The more of these testing approaches a team uses, the more confidence they’ll have in their changes and the less human verification and intervention will be required. As teams’ DevOps processes mature, it’s often the human element that becomes the biggest bottleneck, so confidence in deploying changes is very valuable.
When teams introduce more testing and test automation to their release pipeline, the right metric to watch is change failure rate—the proportion of releases that include a bug or error. The immediate benefit of higher-quality code translates to savings in the long term as less time is spent finding and fixing bugs or reworking code.
Automating Deployments (CI/CD)
If choosing the right deployment tool significantly reduces deployment times, automating deployments with a CI/CD workflow eliminates the time it would usually take to run those deployments manually. However, deployment times aren’t the key metric for measuring the success of CI/CD implementation. The most important metrics to pay attention to here are release cadence and lead times, which are dramatically improved thanks to painless, automated deployments.
With automated deployments, teams can increase their release cadence; rather than releasing huge batches of changes once a month, they might begin to release smaller packages every week. Ultimately, the goal is to have a steady stream of incremental improvements being released on-demand, and usually multiple times per day.

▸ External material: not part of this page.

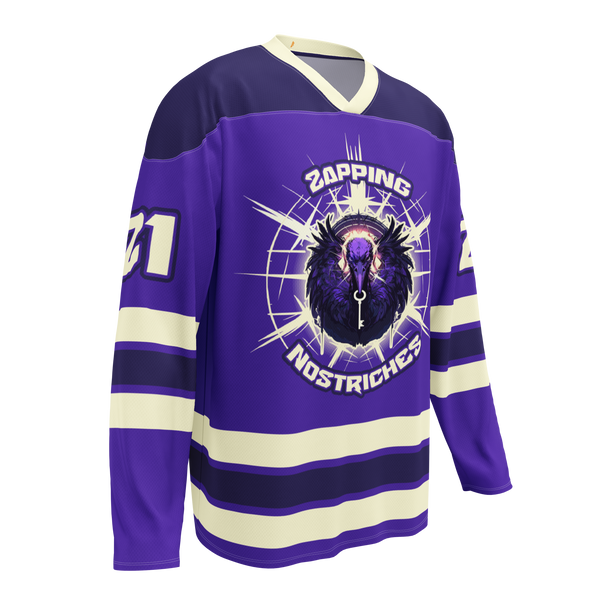 Zapping Nostriches nostr hockey jersey, right front view: a purple hockey jersey with cream stripes and the Zapping Nostriches crest.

Accelerated release cadences then result in reduced lead times—the period between work being finished and finally released to production. This is beneficial for developers and their end users as more frequent releases create more opportunities to act on user feedback earlier in the process.
Integrating Backup Into DevOps Tools and Process
Recovery times are a key metric for DevOps success, as robust DevOps processes will improve the speed at which teams can restore after an incident. For even better resilience and faster recovery times, teams should integrate backup into their DevOps tools and processes.
Restoring from a backup is comparable to a deployment, and this means that restore processes also can harness the power of DevOps so they feel like a familiar process—not something unusual that teams struggle to execute at the point when it matters most. It’s also important to make it as easy as possible to back up on demand just before a risky release.
Downtime and data loss are massive costs to any business, so improving recovery times is a huge benefit of a fully mature DevOps process.
See the Benefits of Maturing your DevOps Process
When teams pay attention to the right metrics, they understand the benefit of each DevOps process individually and they are motivated to keep maturing their DevOps processes as a whole. It’s all well and good to take the pain out of deployments and releases, but high-performing DevOps teams effectively make deployments an asset for releasing more often and getting feedback earlier. As a result, they are better equipped to deliver more value to their companies—sooner.